In 2018, the Galaxy allowed 64 goals a figure surpassed by only four teams. Only two playoff teams from a year ago allowed more than 50 goals. LAFC with 52 and Real Salt Lake with 58. It is great to have an attractive style of play and to score goals, but defense is not an area any team in this league can overlook.
Barros Schelotto will not have Ashley Cole around to help guide the defense. In fact, the elder statesman of the group is Dave Romney who played two games for the Galaxy in 2015. Along with Daniel Steres, Rolf Feltscher, and the high-priced Jorgen Skjelkvic, Barros Schelotto must form a strong backline that will allow the realization of his attacking vision.
Until and unless the front office brings in new bodies to fill the backline, Barros Schelotto will be working with the bulk of the defense that was one of the league’s worst a year ago.
Use the Youth
One of te Kloese’s trademarks is the way he works with youth. Already in his short time in charge of the Galaxy, te Kloese has talked about connecting the youth academy and the first team and the importance of academy players to move up through the system. Barros Schelotto has also given plenty of youth players time on the field while he was with Lanus and Boca Juniors. In fact, more than half of the starting lineup he used against River Plate in the Copa Libertadores was under the age of 27.
Just how much of a chance he will have to play young players is the question. The Galaxy have some younger players on the roster, notably 16-year-old budding star Efrain Alvarez. te Kloese has stressed having talented players line up to play, which means the youth movement may be more down the road than imminent.
Pressure to win
The Galaxy certainly has pressure to succeed. The team has the most MLS Cup wins, plays in a competitive LA sports market, and fancies itself a top franchise. Two consecutive playoff misses is unacceptable. Dealing with such pressure might be difficult for some incoming coaches to handle.

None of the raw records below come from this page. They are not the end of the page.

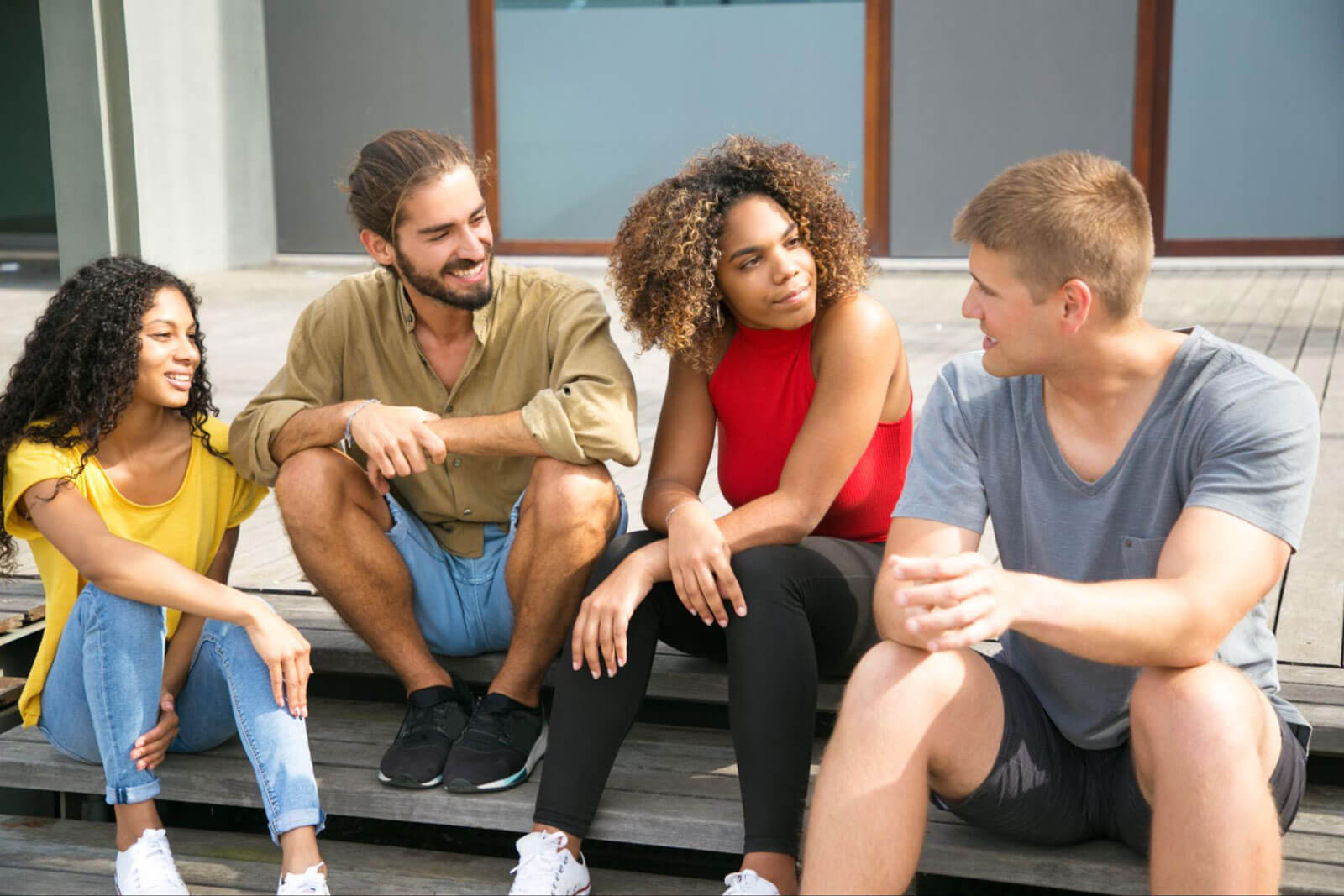 A diverse group of young adults sitting together outdoors and talking, representing peer connection, relapse prevention, emotional support, and long-term sobriety strategies for teens.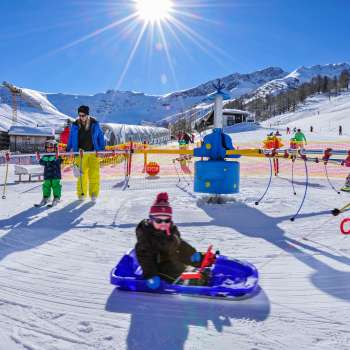 Journée d'hiver ensoleillée au Malbi-Park de Malbun - jeux, divertissement et plaisirs de la luge pour toute la famille au paradis de la neige du Liechtenstein.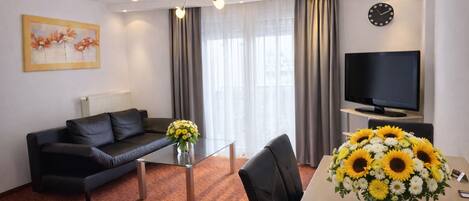 A modern hotel room with a black leather sofa, a glass coffee table, a dining table with a vase of sunflowers, a flat-screen TV, and a painting on the wall.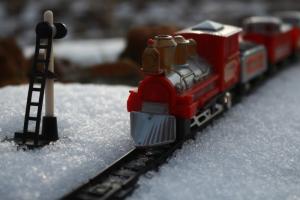 miniature red toy train with snow around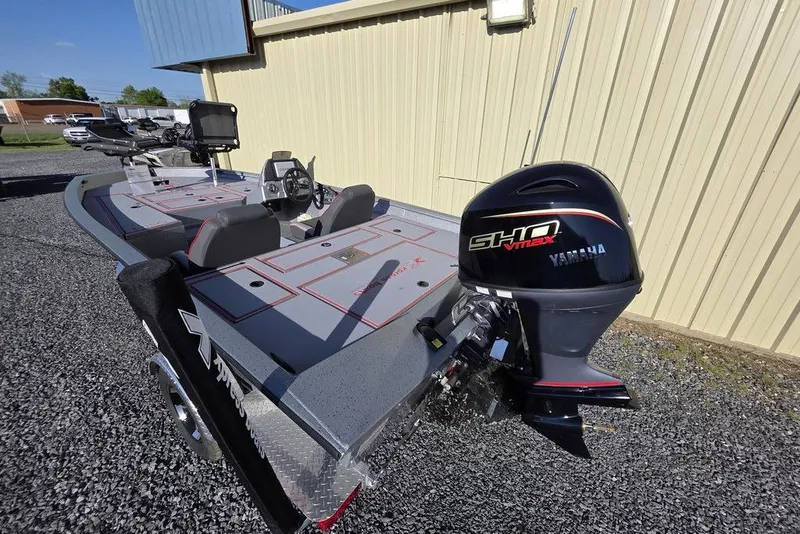 Slide: The Image of 2025 Xpress H18C Crappie boat with Yamaha VMAX engine, parked on gravel. - 8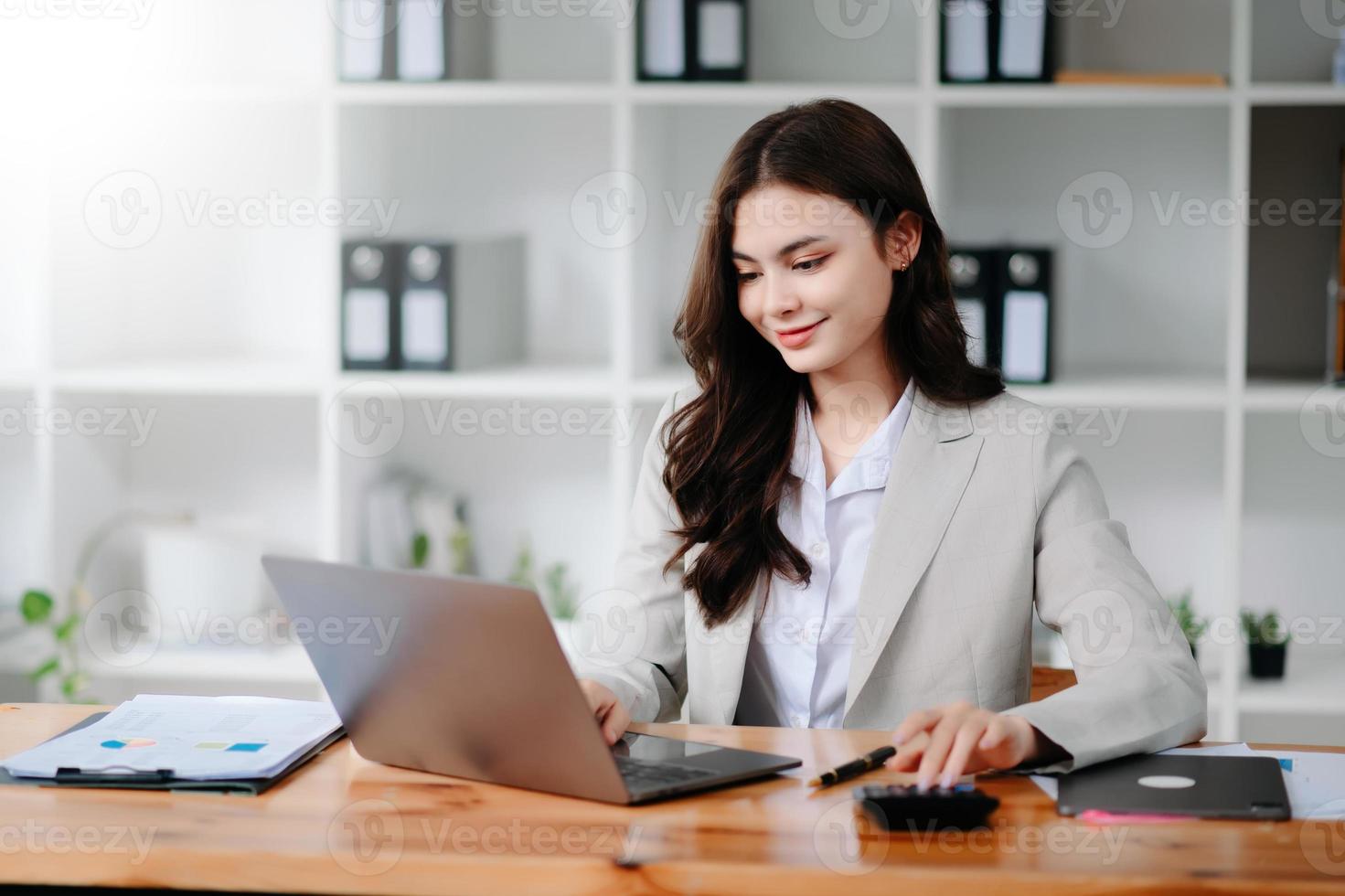 mujer de negocios o contador escribiendo a mano una computadora portátil trabajando para calcular en el escritorio el costo en la oficina en casa. foto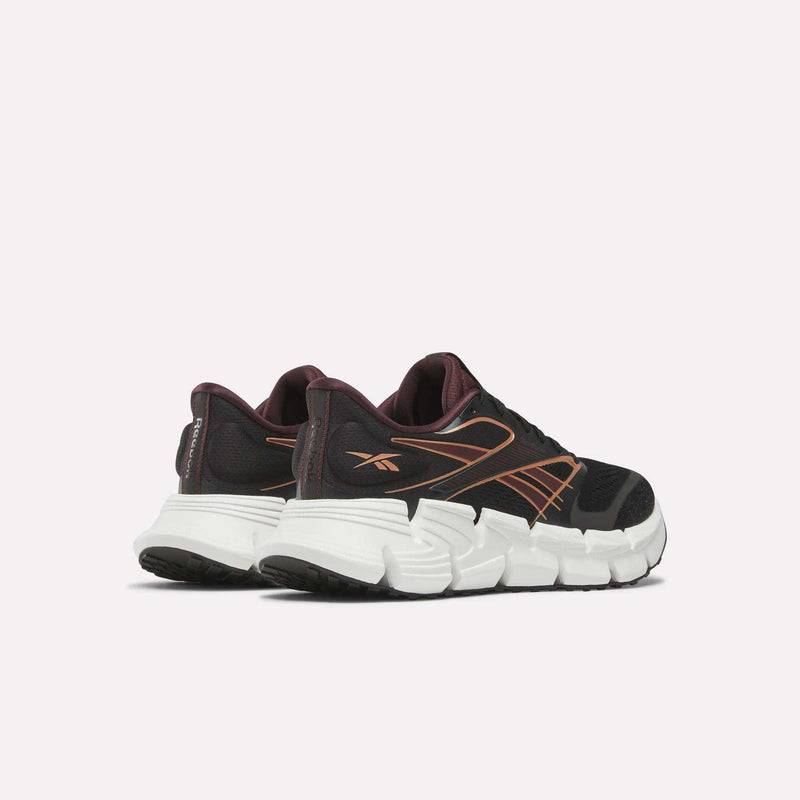 A pair of Women's FloatZig 2 Running Shoes by Reebok, black with orange accents and thick white soles featuring Superfloat+ cushioning, are shown on a white background facing backward and slightly to the side.
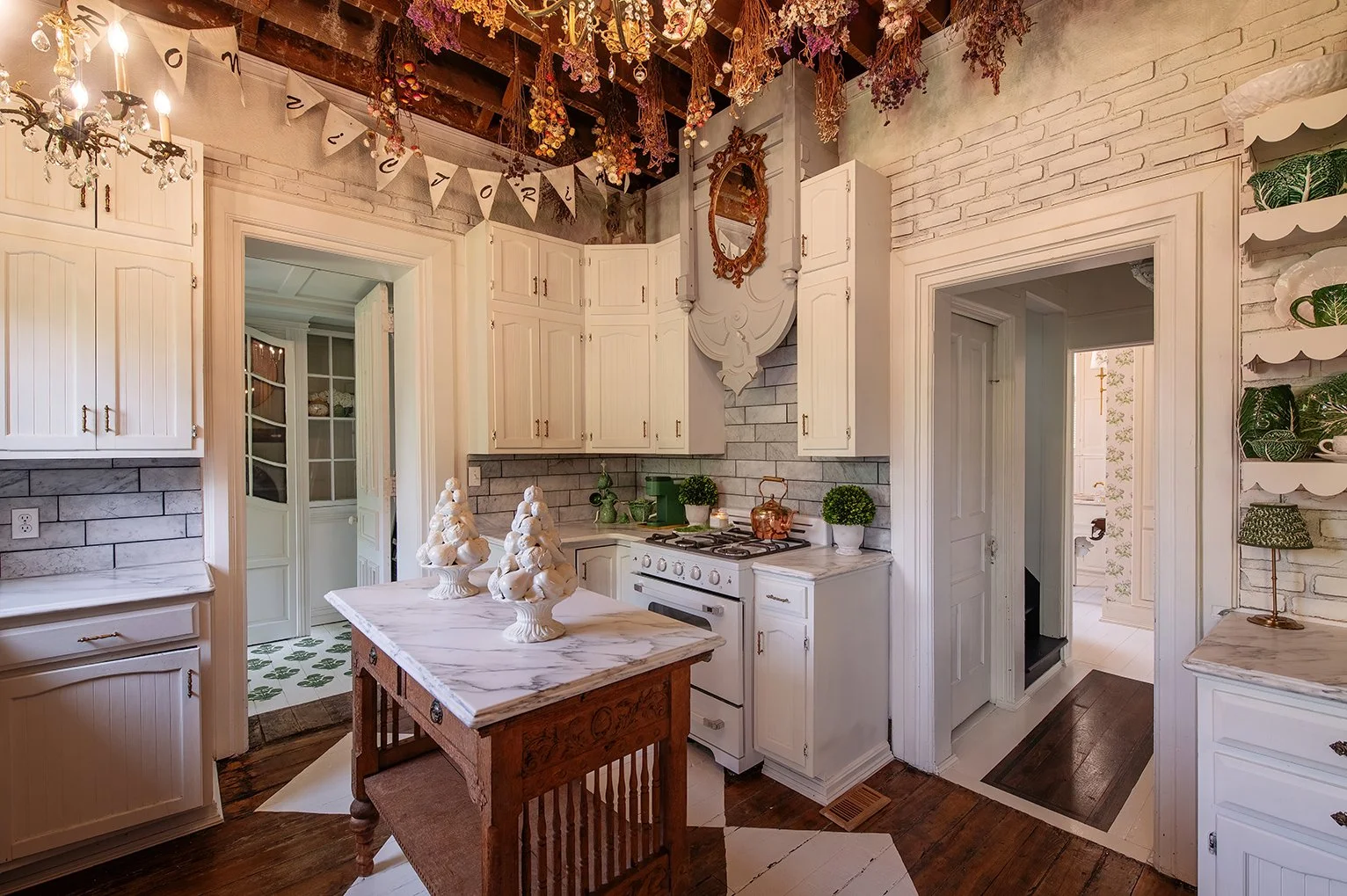 Architectural and interior residential photograph taken of the Iron Victorian for HGTV. This image shows the island in the kitchen.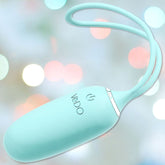 A turquoise wireless VeDO Kiwi Bullet Vibe, crafted in an egg shape with a flexible loop and power button, displays "VeDO" on its surface. This rechargeable bullet offers various vibration modes against a backdrop of soft, out-of-focus pastel lights.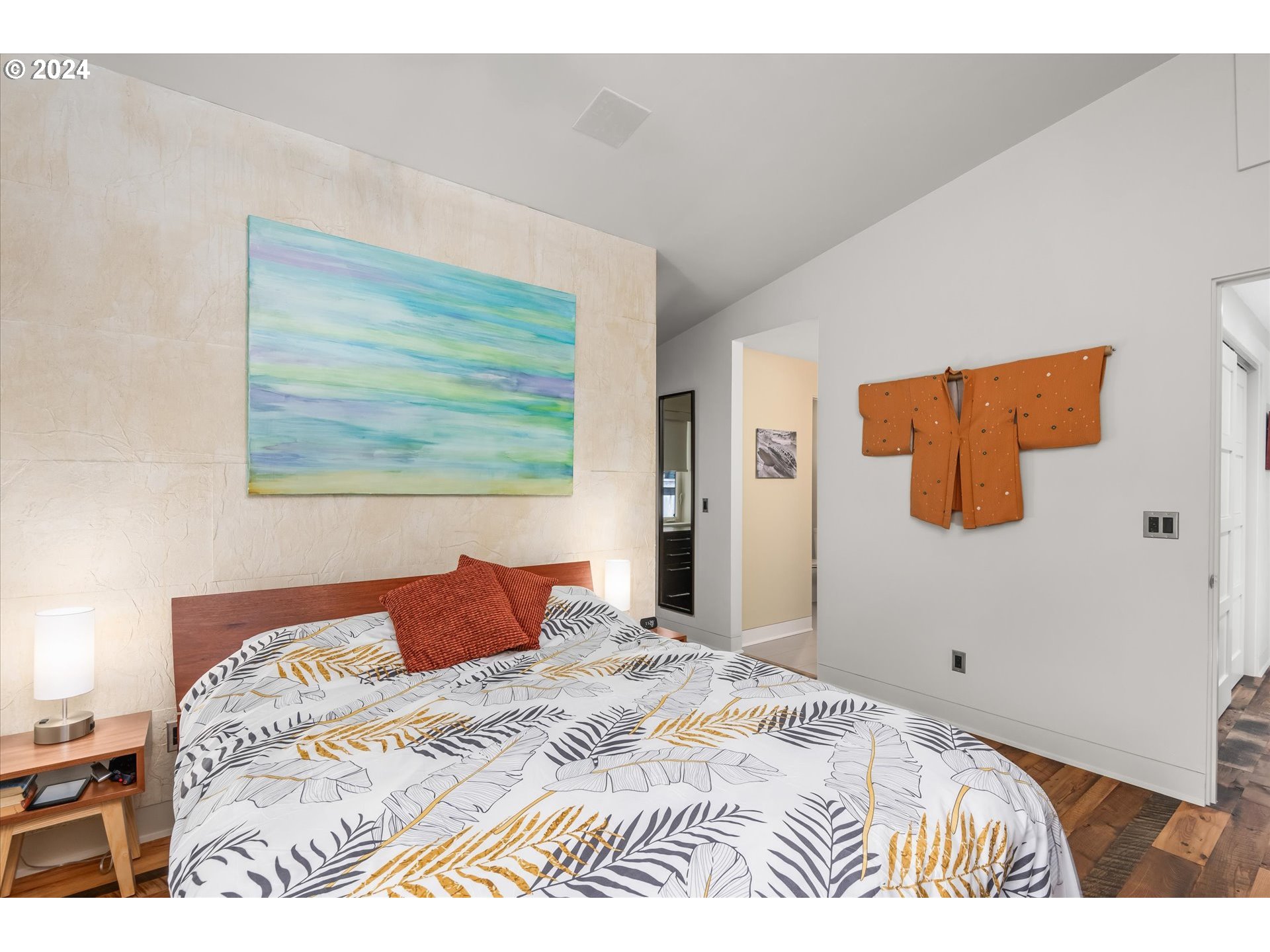 1261 Crenshaw Road Eugene, OR 97401 - Photo 27 of 48 a bedroom with a large bed and a lamp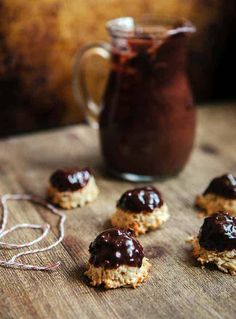 chocolate covered cookies sitting on top of a wooden table next to a jar of chocolate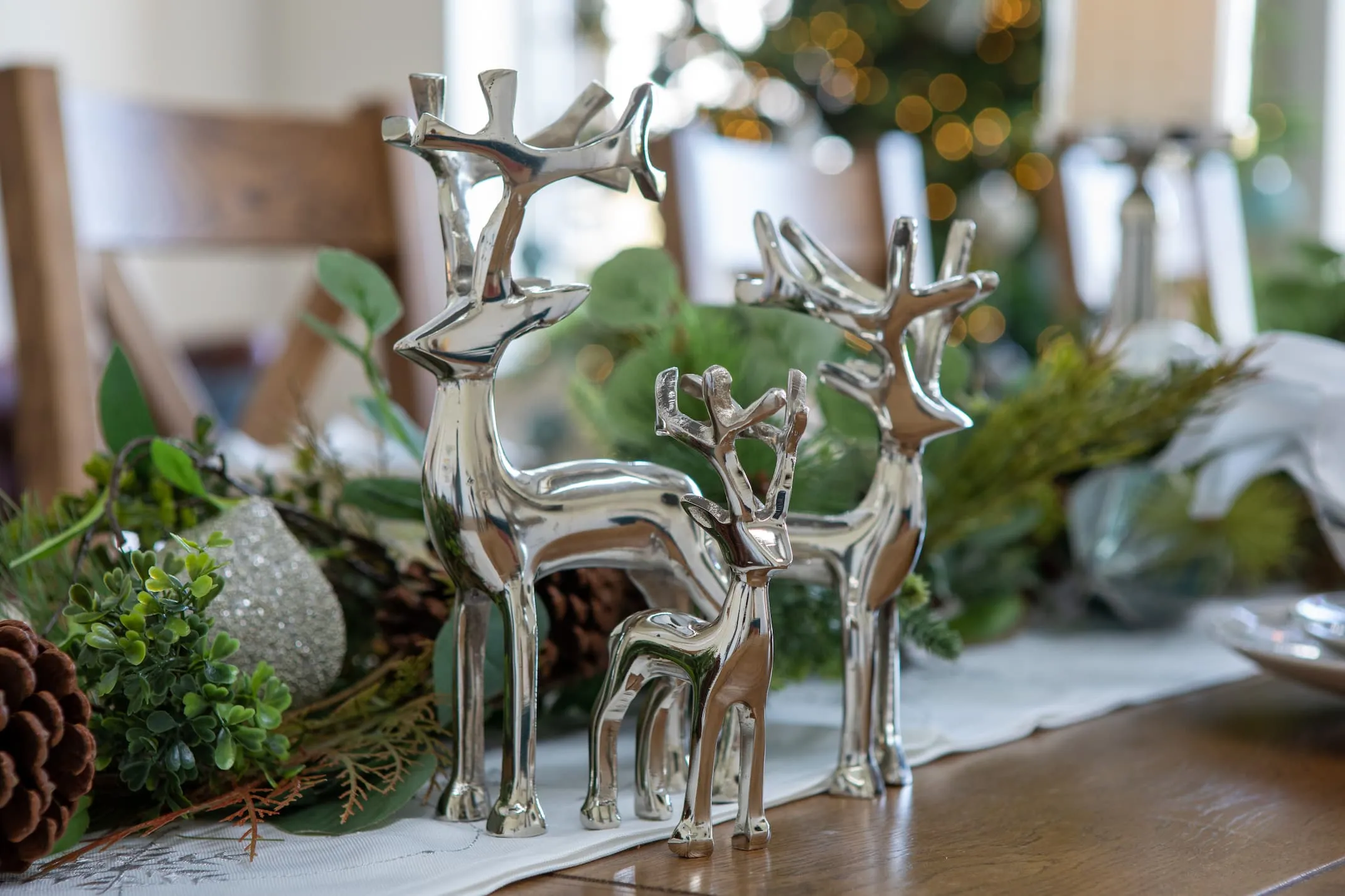 A lifestyle image of the Set of reindeers with garlands on mantle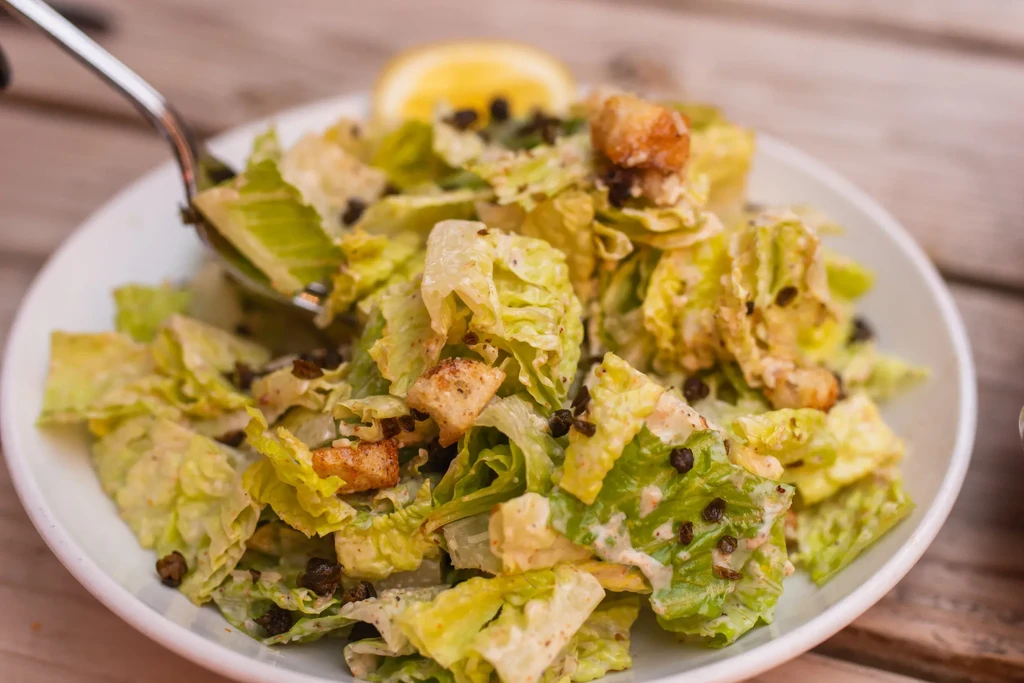 Caesar salad with croutons and a fork in a white bowl.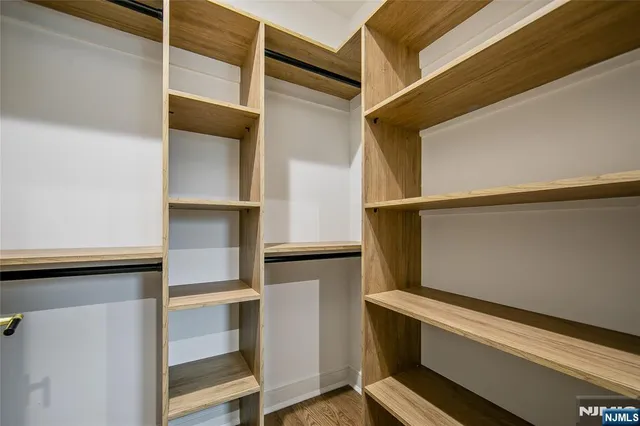a kitchen with a sink appliances and a counter top space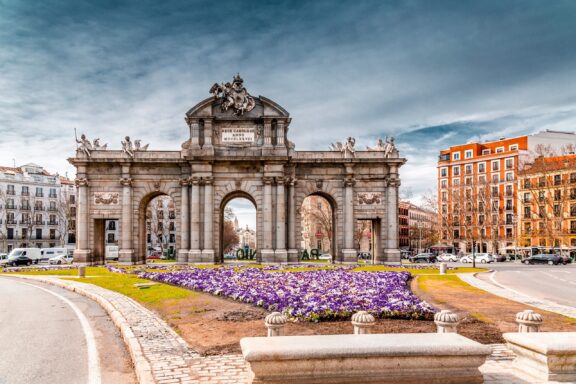 Alcala Gate in Madrid with Flower Beds The Puerta de Alcalá, commissioned by King Carlos III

For Barros Schelotto this pressure is not what it was like from his previous job. At Boca Juniors, the expectation is to win the league and Copa Libertadores each year. Anything short is a disappointment. Such was the case after Boca’s difficult loss to River Plate in the Copa Libertadores final last month. The front office chose not to renew Barros Schelotto’s contract after the club’s loss to its bitter rival.
The pressure to succeed with the Galaxy exists, even if it is not at the same level as in Buenos Aires. If the Galaxy misses out on the playoffs for the third year in a row, Barros Schelotto’s exit may not follow. Or it might. Regardless, it is something that Barros Schelotto probably will not want to find out.